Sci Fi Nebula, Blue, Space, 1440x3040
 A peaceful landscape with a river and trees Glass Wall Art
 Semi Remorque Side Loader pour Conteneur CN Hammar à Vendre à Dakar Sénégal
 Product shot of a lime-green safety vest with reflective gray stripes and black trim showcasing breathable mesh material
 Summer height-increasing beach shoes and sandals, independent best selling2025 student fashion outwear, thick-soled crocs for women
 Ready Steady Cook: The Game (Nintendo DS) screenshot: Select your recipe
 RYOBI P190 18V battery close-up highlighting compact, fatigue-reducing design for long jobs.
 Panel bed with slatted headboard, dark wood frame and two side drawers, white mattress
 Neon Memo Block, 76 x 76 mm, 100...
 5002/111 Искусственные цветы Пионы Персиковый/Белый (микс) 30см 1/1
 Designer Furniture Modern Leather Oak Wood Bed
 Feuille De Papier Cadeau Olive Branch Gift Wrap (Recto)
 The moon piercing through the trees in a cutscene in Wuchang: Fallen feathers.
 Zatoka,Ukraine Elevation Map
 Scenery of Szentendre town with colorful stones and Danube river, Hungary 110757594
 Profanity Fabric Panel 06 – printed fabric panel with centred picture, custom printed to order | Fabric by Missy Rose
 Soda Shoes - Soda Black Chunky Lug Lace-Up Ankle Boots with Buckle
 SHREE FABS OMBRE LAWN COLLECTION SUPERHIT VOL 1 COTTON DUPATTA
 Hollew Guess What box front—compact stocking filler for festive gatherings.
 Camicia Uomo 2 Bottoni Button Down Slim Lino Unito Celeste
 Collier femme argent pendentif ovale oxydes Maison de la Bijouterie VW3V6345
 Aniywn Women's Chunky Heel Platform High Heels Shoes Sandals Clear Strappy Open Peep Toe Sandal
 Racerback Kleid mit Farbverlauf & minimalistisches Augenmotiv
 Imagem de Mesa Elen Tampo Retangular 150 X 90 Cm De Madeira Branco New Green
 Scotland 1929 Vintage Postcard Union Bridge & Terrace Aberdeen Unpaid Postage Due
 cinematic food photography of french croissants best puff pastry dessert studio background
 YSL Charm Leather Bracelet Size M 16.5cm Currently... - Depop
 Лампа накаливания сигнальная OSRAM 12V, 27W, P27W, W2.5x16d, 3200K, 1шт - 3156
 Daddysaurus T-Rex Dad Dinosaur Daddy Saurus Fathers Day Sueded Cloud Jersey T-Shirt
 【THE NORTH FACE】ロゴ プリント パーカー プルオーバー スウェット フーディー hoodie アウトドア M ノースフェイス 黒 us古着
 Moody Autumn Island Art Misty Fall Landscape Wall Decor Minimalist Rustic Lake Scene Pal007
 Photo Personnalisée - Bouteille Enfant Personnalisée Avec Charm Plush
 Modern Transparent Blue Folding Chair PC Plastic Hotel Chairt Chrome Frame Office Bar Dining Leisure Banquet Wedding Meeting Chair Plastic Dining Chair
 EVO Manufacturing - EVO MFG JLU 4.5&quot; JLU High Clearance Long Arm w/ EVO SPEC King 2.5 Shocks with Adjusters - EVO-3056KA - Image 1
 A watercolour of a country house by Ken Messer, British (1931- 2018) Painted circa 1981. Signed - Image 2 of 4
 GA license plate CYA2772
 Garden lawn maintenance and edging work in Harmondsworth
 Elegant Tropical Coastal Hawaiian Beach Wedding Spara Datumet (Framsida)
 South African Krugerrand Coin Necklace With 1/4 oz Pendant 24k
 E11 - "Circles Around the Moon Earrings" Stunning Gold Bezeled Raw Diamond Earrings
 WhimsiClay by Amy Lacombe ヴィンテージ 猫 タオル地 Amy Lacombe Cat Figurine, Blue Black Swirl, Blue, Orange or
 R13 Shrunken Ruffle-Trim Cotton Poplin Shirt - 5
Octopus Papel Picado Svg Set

▸ **What is required**: The response should consist of every record above, reproduced exactly.

▸ **Answer to the problem**:
Sci Fi Nebula, Blue, Space, 1440x3040
 A peaceful landscape with a river and trees Glass Wall Art
 Semi Remorque Side Loader pour Conteneur CN Hammar à Vendre à Dakar Sénégal
 Product shot of a lime-green safety vest with reflective gray stripes and black trim showcasing breathable mesh material
 Summer height-increasing beach shoes and sandals, independent best selling2025 student fashion outwear, thick-soled crocs for women
 Ready Steady Cook: The Game (Nintendo DS) screenshot: Select your recipe
 RYOBI P190 18V battery close-up highlighting compact, fatigue-reducing design for long jobs.
 Panel bed with slatted headboard, dark wood frame and two side drawers, white mattress
 Neon Memo Block, 76 x 76 mm, 100...
 5002/111 Искусственные цветы Пионы Персиковый/Белый (микс) 30см 1/1
 Designer Furniture Modern Leather Oak Wood Bed
 Feuille De Papier Cadeau Olive Branch Gift Wrap (Recto)
 The moon piercing through the trees in a cutscene in Wuchang: Fallen feathers.
 Zatoka,Ukraine Elevation Map
 Scenery of Szentendre town with colorful stones and Danube river, Hungary 110757594
 Profanity Fabric Panel 06 – printed fabric panel with centred picture, custom printed to order | Fabric by Missy Rose
 Soda Shoes - Soda Black Chunky Lug Lace-Up Ankle Boots with Buckle
 SHREE FABS OMBRE LAWN COLLECTION SUPERHIT VOL 1 COTTON DUPATTA
 Hollew Guess What box front—compact stocking filler for festive gatherings.
 Camicia Uomo 2 Bottoni Button Down Slim Lino Unito Celeste
 Collier femme argent pendentif ovale oxydes Maison de la Bijouterie VW3V6345
 Aniywn Women's Chunky Heel Platform High Heels Shoes Sandals Clear Strappy Open Peep Toe Sandal
 Racerback Kleid mit Farbverlauf & minimalistisches Augenmotiv
 Imagem de Mesa Elen Tampo Retangular 150 X 90 Cm De Madeira Branco New Green
 Scotland 1929 Vintage Postcard Union Bridge & Terrace Aberdeen Unpaid Postage Due
 cinematic food photography of french croissants best puff pastry dessert studio background
 YSL Charm Leather Bracelet Size M 16.5cm Currently... - Depop
 Лампа накаливания сигнальная OSRAM 12V, 27W, P27W, W2.5x16d, 3200K, 1шт - 3156
 Daddysaurus T-Rex Dad Dinosaur Daddy Saurus Fathers Day Sueded Cloud Jersey T-Shirt
 【THE NORTH FACE】ロゴ プリント パーカー プルオーバー スウェット フーディー hoodie アウトドア M ノースフェイス 黒 us古着
 Moody Autumn Island Art Misty Fall Landscape Wall Decor Minimalist Rustic Lake Scene Pal007
 Photo Personnalisée - Bouteille Enfant Personnalisée Avec Charm Plush
 Modern Transparent Blue Folding Chair PC Plastic Hotel Chairt Chrome Frame Office Bar Dining Leisure Banquet Wedding Meeting Chair Plastic Dining Chair
 EVO Manufacturing - EVO MFG JLU 4.5&quot; JLU High Clearance Long Arm w/ EVO SPEC King 2.5 Shocks with Adjusters - EVO-3056KA - Image 1
 A watercolour of a country house by Ken Messer, British (1931- 2018) Painted circa 1981. Signed - Image 2 of 4
 GA license plate CYA2772
 Garden lawn maintenance and edging work in Harmondsworth
 Elegant Tropical Coastal Hawaiian Beach Wedding Spara Datumet (Framsida)
 South African Krugerrand Coin Necklace With 1/4 oz Pendant 24k
 E11 - "Circles Around the Moon Earrings" Stunning Gold Bezeled Raw Diamond Earrings
 WhimsiClay by Amy Lacombe ヴィンテージ 猫 タオル地 Amy Lacombe Cat Figurine, Blue Black Swirl, Blue, Orange or
 R13 Shrunken Ruffle-Trim Cotton Poplin Shirt - 5
Octopus Papel Picado Svg Set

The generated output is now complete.